Taxpayer cash fuels dividend
BARRATT SHARES HELP-TO-BUY GAINS
A BIG winner from a taxpayer-backed mortgage scheme has announced a new £175million windfall for shareholders.
More than a third of homes sold by Barratt in the second half of 2019 were part-financed by the Help to Buy scheme.
The firm, Britain’s biggest housebuilder, already planned to hand back £175m to its shareholders via a special dividend to be paid this November.
But yesterday Barratt announced they will get another £175m in November 2021 too.
Help to Buy was launched by the Tories in 2013 to help those with small deposits save up for a property.
But critics claim it has been used by welloff buyers to get a cheap loan, and drove up property prices.

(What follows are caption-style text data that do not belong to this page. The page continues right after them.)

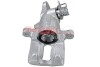 Brake Caliper METZGER 6260413 (фото 2)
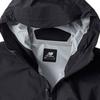 New Balance Club Nbnmc19053 Gr Легкий 2,5 Слой Windparka Общий Поднос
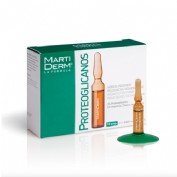 MARTIDERM PROTEOGLICANOS (10 AMP)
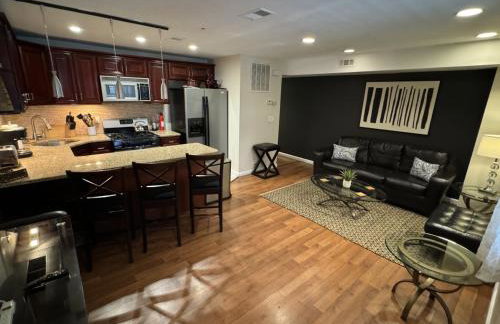 NY - NJ Tennis Suites - Sleeps 40 - 15 Mins to NYC - Foto 67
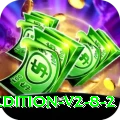 7LG Bet Game - Deluxe Edition v2.8.2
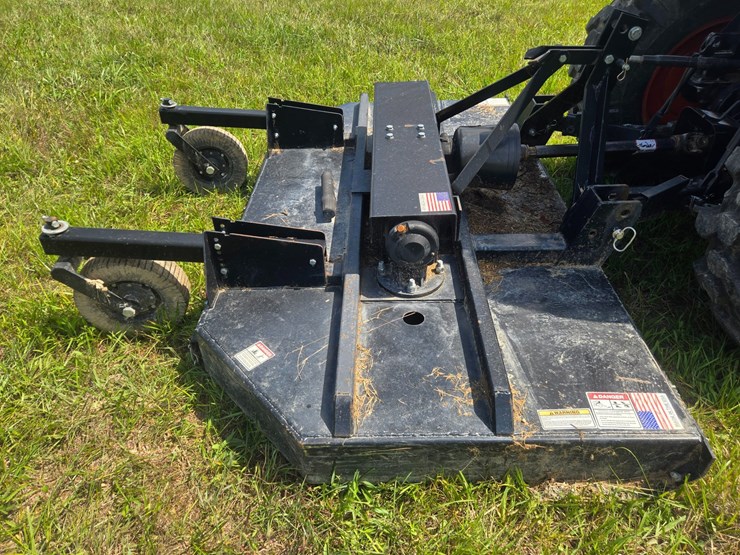 2021-bobcat-ct5558-image-97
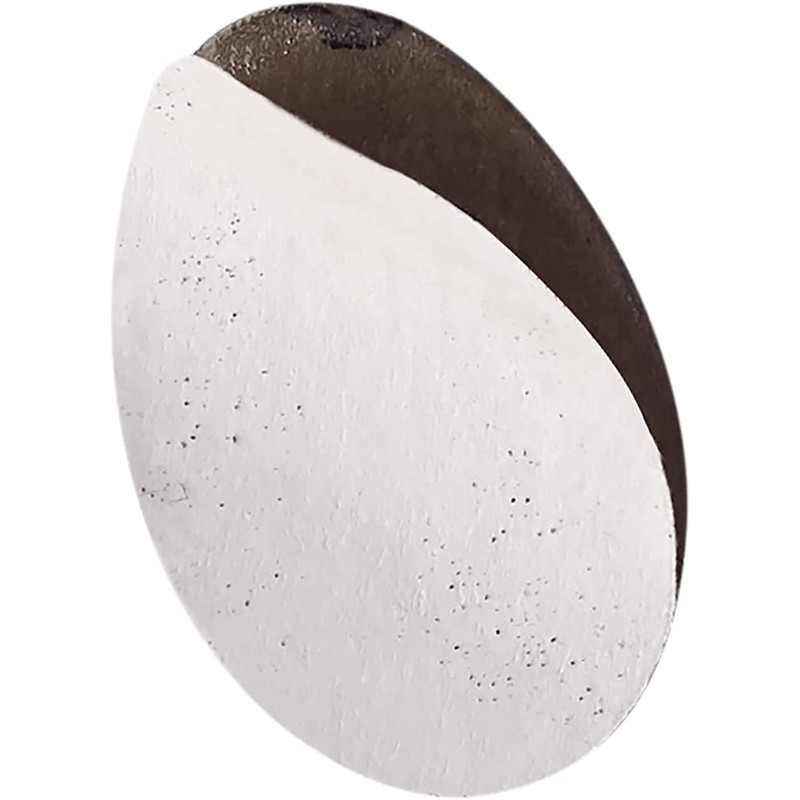 Staleks Pro 25 x Disposable File Sponges for Pedicure Disc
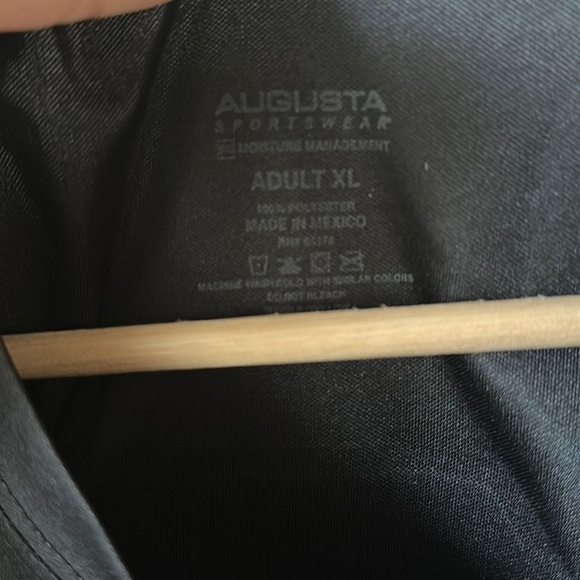 MLB San Francisco Giants #3 Bill Terry T-Shirt - Picture 5 of 6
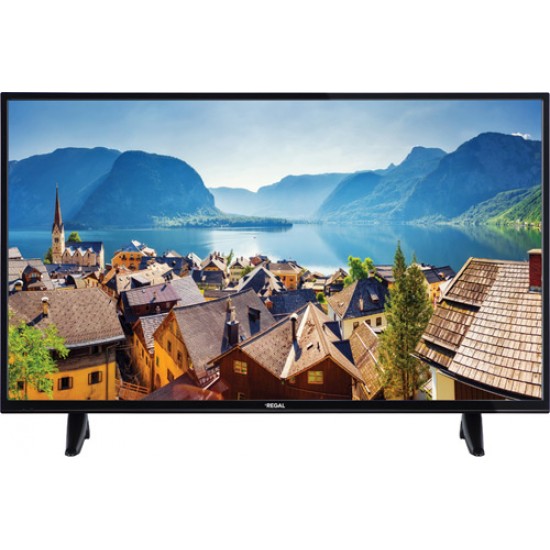 Regal 32R4020H 32"  2YIL GARANTİLİ ÜCRETSİZ TESLİMAT---710TL--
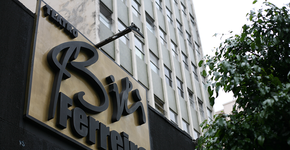 Teatros e espaços culturais de SP pedem ajuda para evitar falência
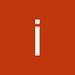 Profile Picture of İbrahim Ege Eşit (@brahimegeeit) on Pinterest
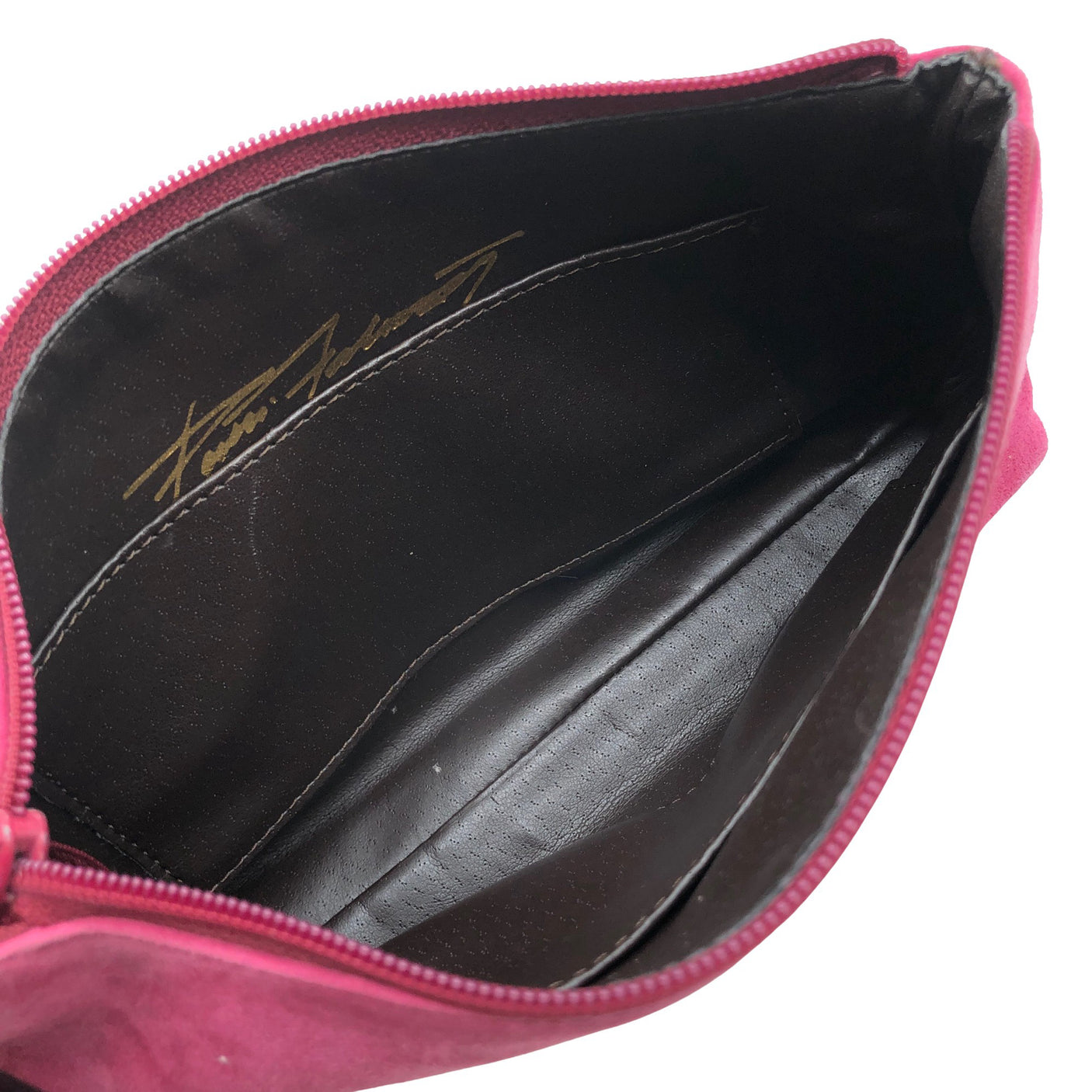 Unisex Pertti Palmroth - Avokärkiset korkokengät, koko 38 -  (3)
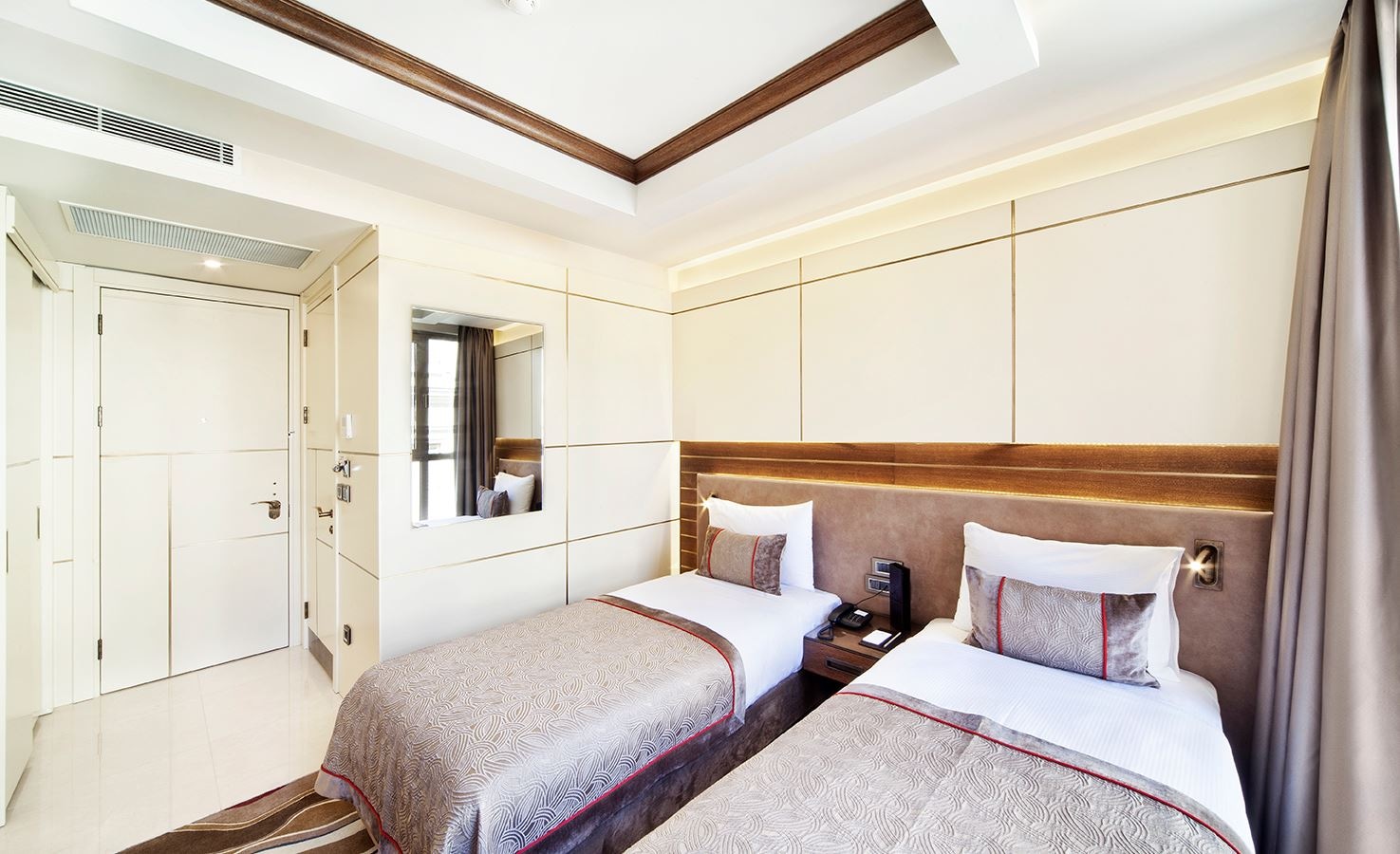 rooms-double-superior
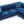 Nola - Luxurious Design Sofa Chaise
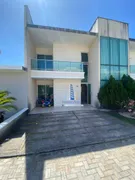 Casa de Condomínio com 3 Quartos à venda, 170m² no Sapiranga, Fortaleza - Foto 1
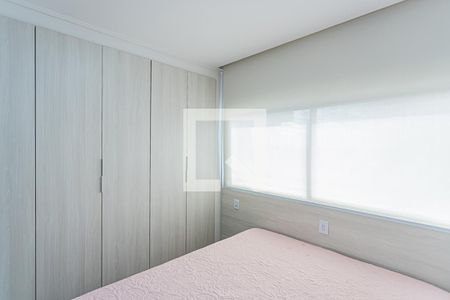 Apartamento à venda com 117m², 3 quartos e 2 vagasSuite 1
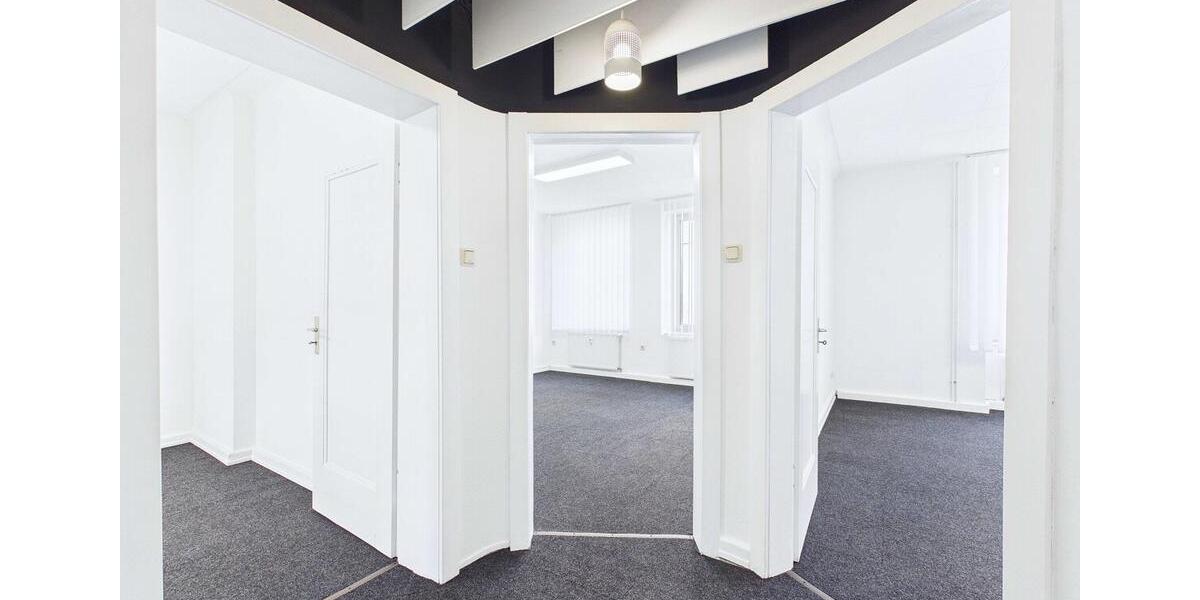 Gewerbeobjekt Saarlouis - 850&euro; | Angebot:26355560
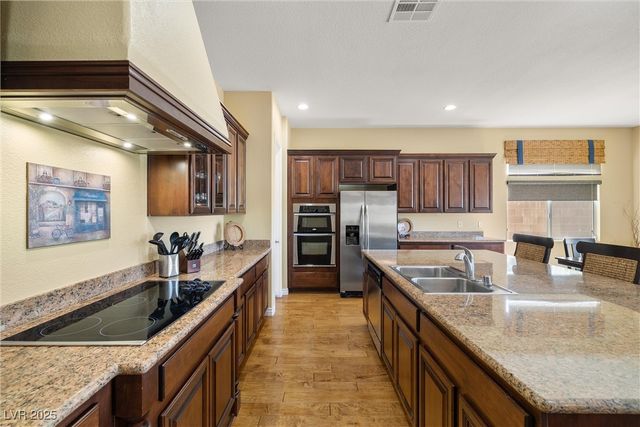 5747 Jaborandi Avenue, Pahrump, NV 89061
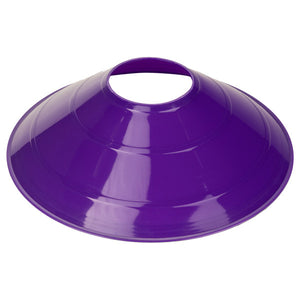 saucer-cone-purp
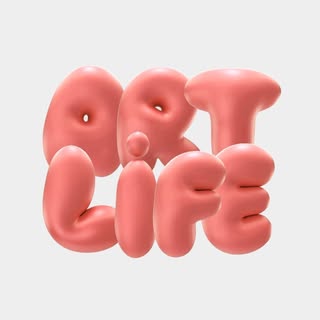 ARTART.life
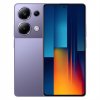 POCO M6 PRO 6.67"FHD+ 12/512GB Purple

One reason for the special dividends for investors is because Barratt is sitting on what chief executive David Thomas called a “substantial” £433m of cash. Thomas’s pay and perks package soared from £2.7m to £3.6m last year. Barratt’s share price increased more than 2% yesterday to a record high. It came as the company announced that the 8,314 homes it built in the second half of 2019 was the highest for 12 years. Meanwhile, revenues rose 6.3% to nearly £2.3bn and profits saw a 3.7% increase to £423m.
David Madden, an analyst at City broker CMC Markets, said: “The company has benefited greatly from the Help to Buy scheme, and it is banking on further assistance from Westminster, especially on the back of the Tory party win last year.”